La peste sévissait alors à Ascona; cette considération n'était pas de nature à refroidir son zèle: il se rend au nouveau séminaire, y établit le directeur, donne des règlements; mais la fièvre redoublant ses efforts il repart dans la nuit pour Cannobbio, dans l'espérance de pouvoir arriver à Milan pour la fête de tous les saints. Il s'était arrêté un instant à Locarno, la peste y faisait aussi de terribles ravages. Les habitants avaient créé un nouveau cimetière pour y ensevelir les victimes nombreuses de la contagion; S. Charles avait d'abord, conçu la pensée de le bénir; mais quand on lui dit qu'il n'avait point tous ses ornements pontificaux, il préféra ne pas donner à la population cette marque d'intérêt, plutôt que de manquer à la dignité des cérémonies ecclésiastiques.


Quand il arriva à Cannobbio, la fièvre était sur son déclin; elle lui avait laissé une si grande faiblesse qu'il ne put atteindre la maison du prévôt où il devait reposer. Il céda aux instances de ses familiers, qui lui conseillèrent d'accepter l'hospitalité de Jacques Homacini dont la maison, située sur la rive même du lac, offrait tous les avantages désirables. Octavien de Forreris et Archange Mirabilia purent, non sans peine, l'amener à accepter un matelas sur sa couche. Il ne put dormir; il fit alors venir deux pères Capucins avec lesquels il passa la nuit dans de pieux discours, dont les principaux sujets furent les vertus et les actions de leur séraphique père, François d'Assise. La conversation ayant été amenée sur le pape Pie V, le cardinal en fit un grand éloge et il déclara qu'il était remarquable par son extraordinaire sainteté. La nuit se passa ainsi; quand le jour parut, le saint voulut célébrer la messe, les bons religieux cherchèrent à l'en dissuader, l'assurant que ses forces ne le lui permettraient pas : « Et cependant, reprit-il, Pie V, de sainte mémoire, se sentant près de sa mort, voulut néanmoins se lever et visiter les sept églises de Rome! »

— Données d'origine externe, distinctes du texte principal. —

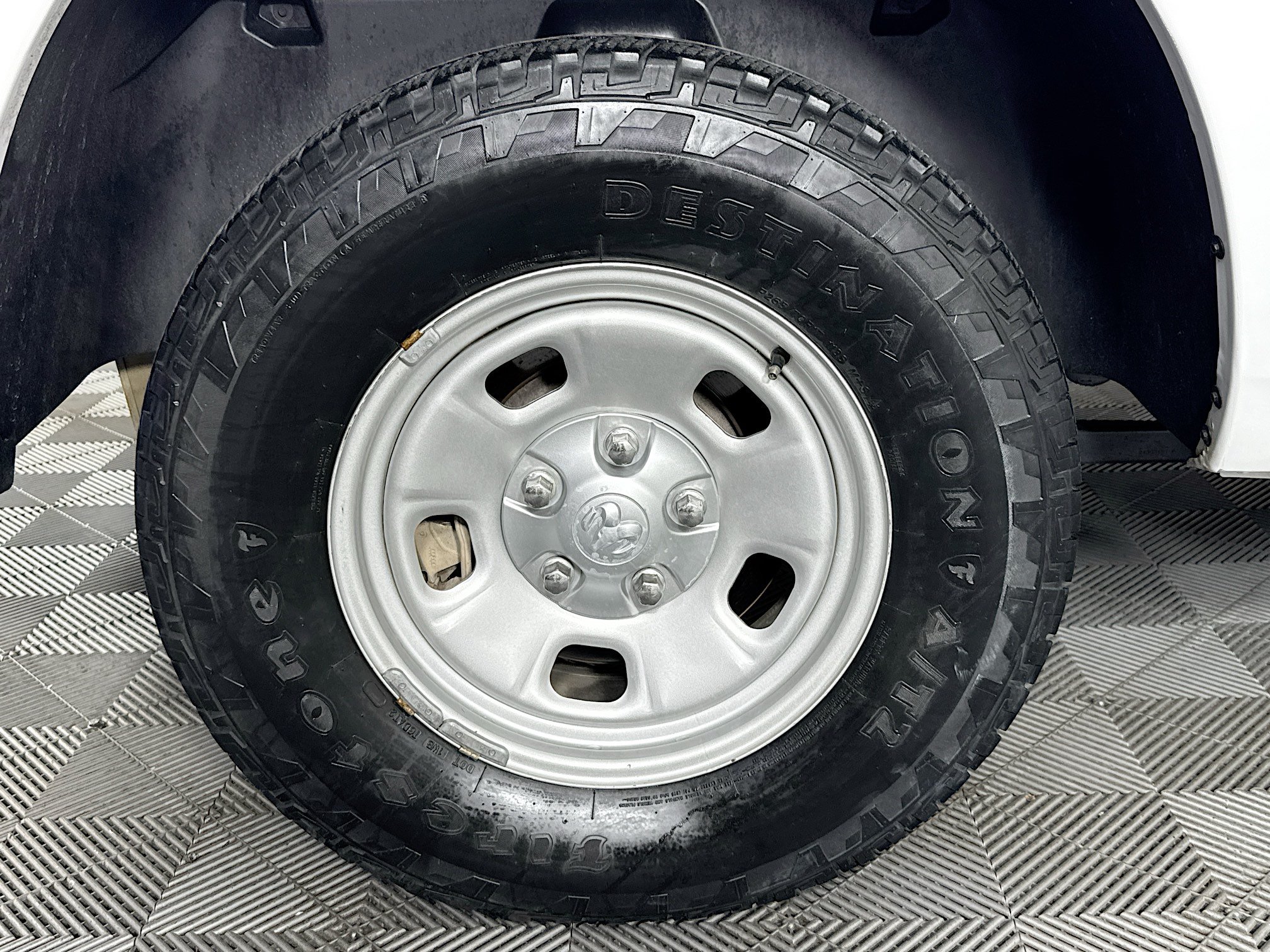 Used 2018 RAM 1500 Tradesman RWD image 30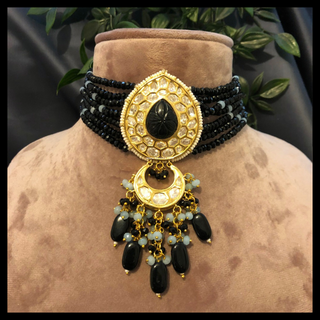 Luxury black glass work Kundan bridal necklace set with matching earrings and headpiece, statement jewelry for South Asian weddings and nikah ceremonies.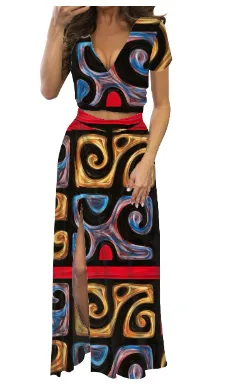 Ensemble haut et jupe noir et rouge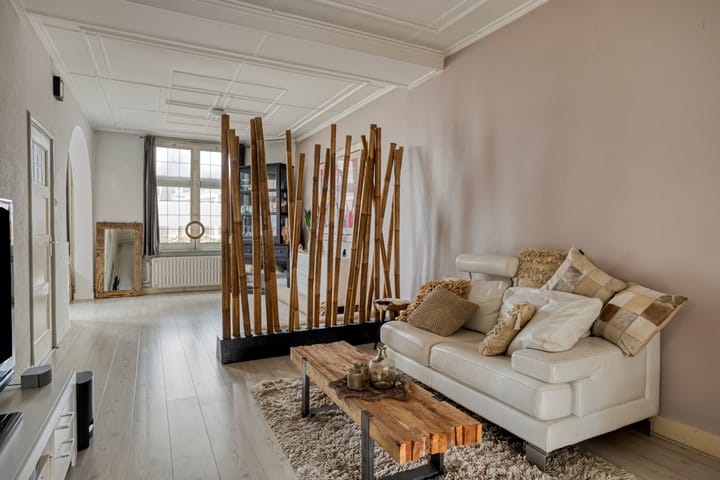 Foto 4 van Middenstraat 1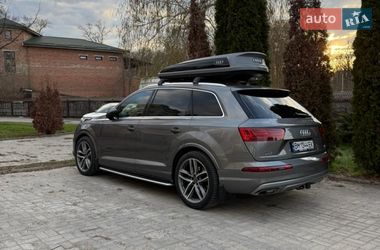 Внедорожник / Кроссовер Audi Q7 2015 в Сумах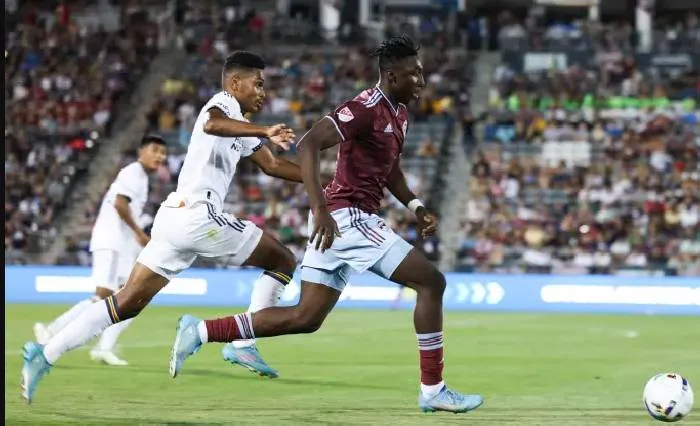 Colorado Rapids và Houston Dynamo sắp gặp nhau, liệu họ có thể bù đắp cho những điểm yếu bằng sức tấn công mạnh mẽ?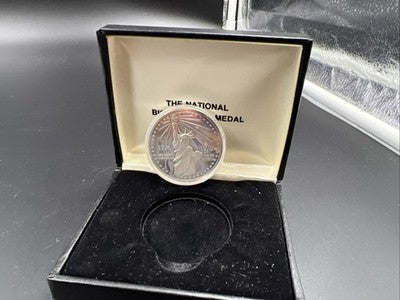 US 1776 - 1976 Bicentennial Statue of Liberty Sterling Silver Medal w/ Box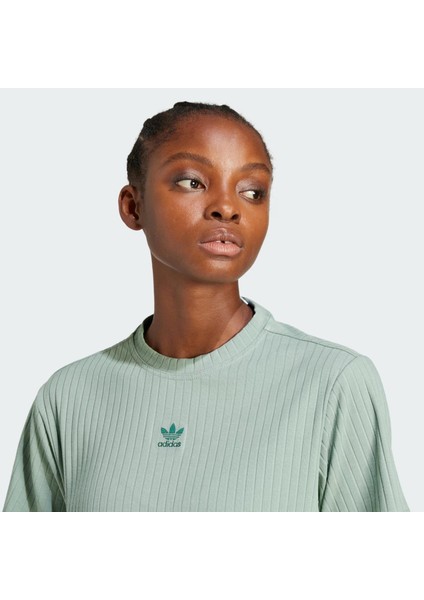 JD1490 Ess Wr Tee Kadın T-Shirt indirimleri
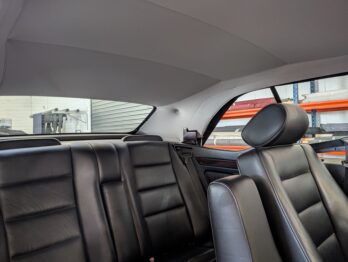 Remplacement du ciel de toit gris d'un Cabriolet Mercedes Type 124 par RC Sellerie RC Sellerie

Le cardinal monta au saint autel; il ne pouvait ni fléchir le genou, ni se relever sans le secours de ses assistants. Ce jour-là, il prit pour toute nourriture quelques gouttes d'eau, à laquelle on avait ajouté un peu de jus de citron; il avait voulu observer ainsi le jeûne de la vigile de la fête de tous les Saints. Il reprit en barque la route d'Arona, récita sur le bateau toutes ses prières à genoux, puis s'étant assis, il adressa à tous ceux qui l'entouraient un ardent discours sur les mérites des saints. Il se prosterna ensuite de nouveau pendant une heure pour faire oraison, et il sollicita chacun de ses compagnons à rendre compte des lumières que Dieu leur avait accordées dans la méditation. Comme dernier et suprême témoignage de son affection envers les habitants de la Rhétie, il désigna, pour la vallée de Mesolcina, plusieurs missionnaires parmi ses prêtres. Il donna à Octavien de Forreris des lettres pour les seigneurs de cette vallée et il lui ordonna de partir, le lendemain matin, pour la vallée de Capriasca où il devrait presser quatre habitants de rentrer dans le sein de l'Église dont ils étaient sortis. II lui recommanda surtout d'inspirer au peuple une grande crainte des censures ecclésiastiques, II expédia plusieurs affaires moins importantes et, vers le soir, avant de débarquer à Arona, il fit réciter les prières du soir auxquelles il ajouta les litanies, selon le rite romain, afin de fournir aux rameurs l'occasion de faire quelque prière.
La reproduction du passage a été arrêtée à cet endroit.